Quand Mme Ouellet a créé, l'été dernier, une commission d'enquête sur les enjeux énergétiques, le mandat qu'elle lui a donné et le document de consultation qu'elle a produit reflétaient cette confusion. On s'orientait vers une réflexion environnementale visant d'abord la réduction des gaz à effet de serre (GES), plutôt que vers une politique énergétique qui comporte aussi des volets de développement économique.

Au terme de cette démarche circulaire, on n'est donc pas étonné de découvrir que le rapport, intitulé Maîtriser notre avenir énergétique, rendu public lundi en catastrophe après avoir fait l'objet d'une fuite, propose surtout une stratégie de réduction des GES. Dans l'atteinte de cette grande priorité pour le Québec, la réduction de notre dépendance aux hydrocarbures, le rapport propose des objectifs ambitieux et de nombreuses recommandations sur le transport, le bâtiment, les usages industriels et l'aménagement du territoire.

Le rapport comporte aussi de nombreuses recommandations économiques qui ont fait les manchettes.
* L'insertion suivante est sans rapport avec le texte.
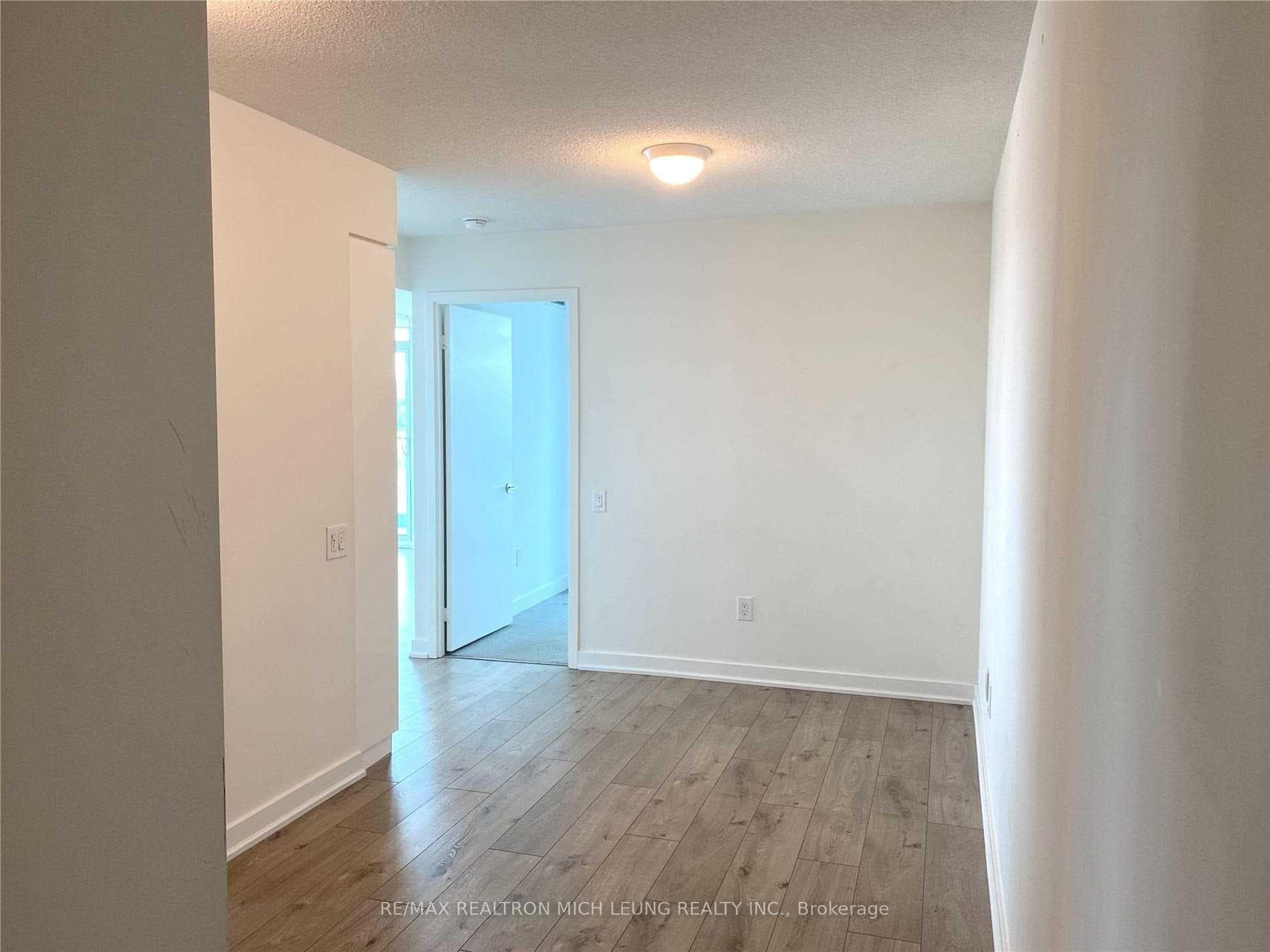 33 Singer Court Unit 1002 photo 2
Les commissaires, très tièdes sur la filière pétrolière, proposent aussi d'arrêter de produire plus d'électricité, et donc de mettre fin au projet de la Romaine, de ne pas continuer à développer la filière éolienne, et de cesser de consentir des économies à long terme aux industries grandes consommatrices d'électricité.

Cela a été accueilli très froidement par le gouvernement Marois, enthousiaste vis-à-vis l'exploration à l'île d'Anticosti, résolu à soutenir les éoliennes et les grands travaux hydroélectriques, et qui vient en outre de conclure une entente avec Alcoa sur le prix de l'électricité. Le vent a changé. Le flirt écolo du gouvernement a cédé la place à un virage économique, tant et si bien que le rapport de la commission tombe dans un trou noir et se trouve désavoué avant d'être lu.
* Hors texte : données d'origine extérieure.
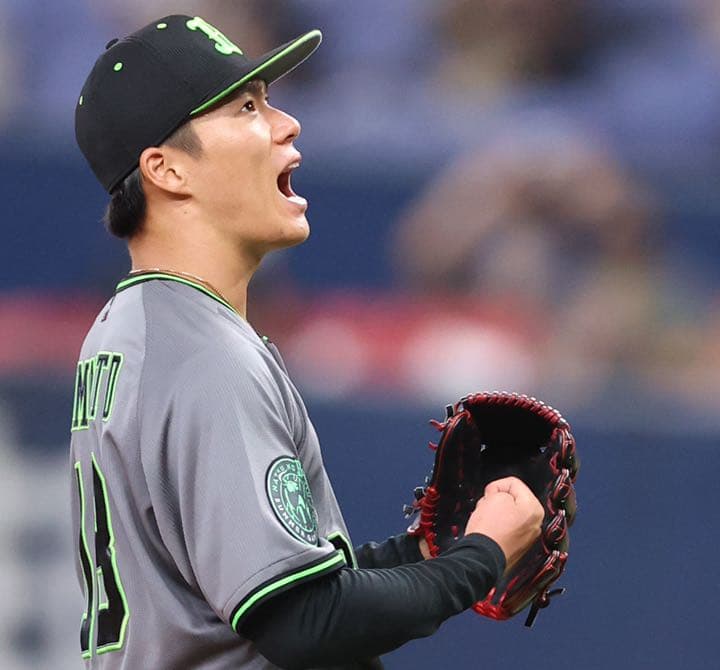 Bs山本由伸 直筆サイン - メルカリ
Autre manifestation de la circularité de l'exercice, le rapport repose beaucoup sur les audiences que la commission a tenues, où s'est manifesté le déséquilibre des points de vue que l'on peut constater dans les débats énergétiques - la domination du discours environnementaliste et le silence des milieux économiques qui n'ont d'ailleurs pas été bien accueillis aux audiences. Le rapport, par exemple, ne cite qu'un géologue sur le potentiel pétrolier, Marc Durand, le chouchou des écolos parce qu'il ne croit pas au potentiel de l'île d'Anticosti.

Si les recommandations économiques reposent sur des fondements fragiles, il est vrai, comme le dit le rapport, que le monde a changé - plafonnement de la demande, impact du gaz de schiste, surplus d'électricité, de l'électricité à bon marché. Mais en énergie, il y a un changement de paradigme tous les cinq ou 10 ans. Il est présomptueux et risqué de définir les choix d'une génération à partir d'une situation qui changera encore. Et de le faire sur un mode qui est presque cavalier.
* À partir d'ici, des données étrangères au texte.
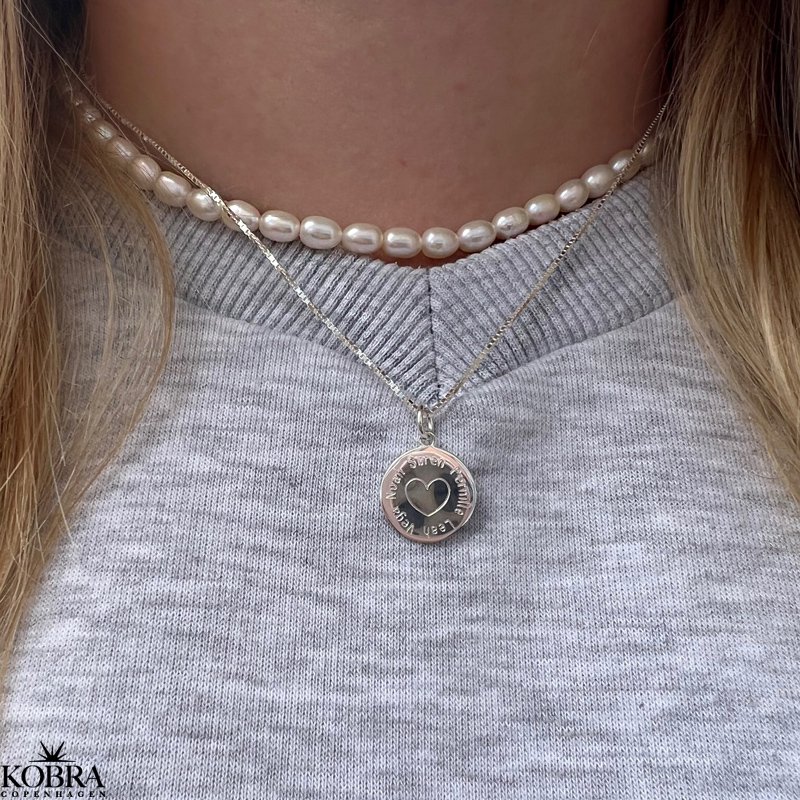 "Vigga" slv smykke / amulet med hjerte samt din personlige gravering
Il est par ailleurs étonnant qu'un rapport qui déplore la surconsommation énergétique au Québec balaie en quelques paragraphes la pertinence d'une hausse des prix de l'électricité, ne parle pas de ses effets sur la demande, la production, la fiscalité. Ou que, dans le cas des tarifs subventionnés aux entreprises, elle ne se soit arrêtée qu'aux coûts de la mesure, sans explorer ses bénéfices.

Ce rapport, produit en vase clos, fait penser à certains rapports du coroner qui proposent de grands changements qui ne seront jamais appliqués. Une commission, pour être pertinente, ne doit pas seulement émettre des idées, elle doit aussi assurer leur mise en oeuvre. Sinon, c'est la tablette.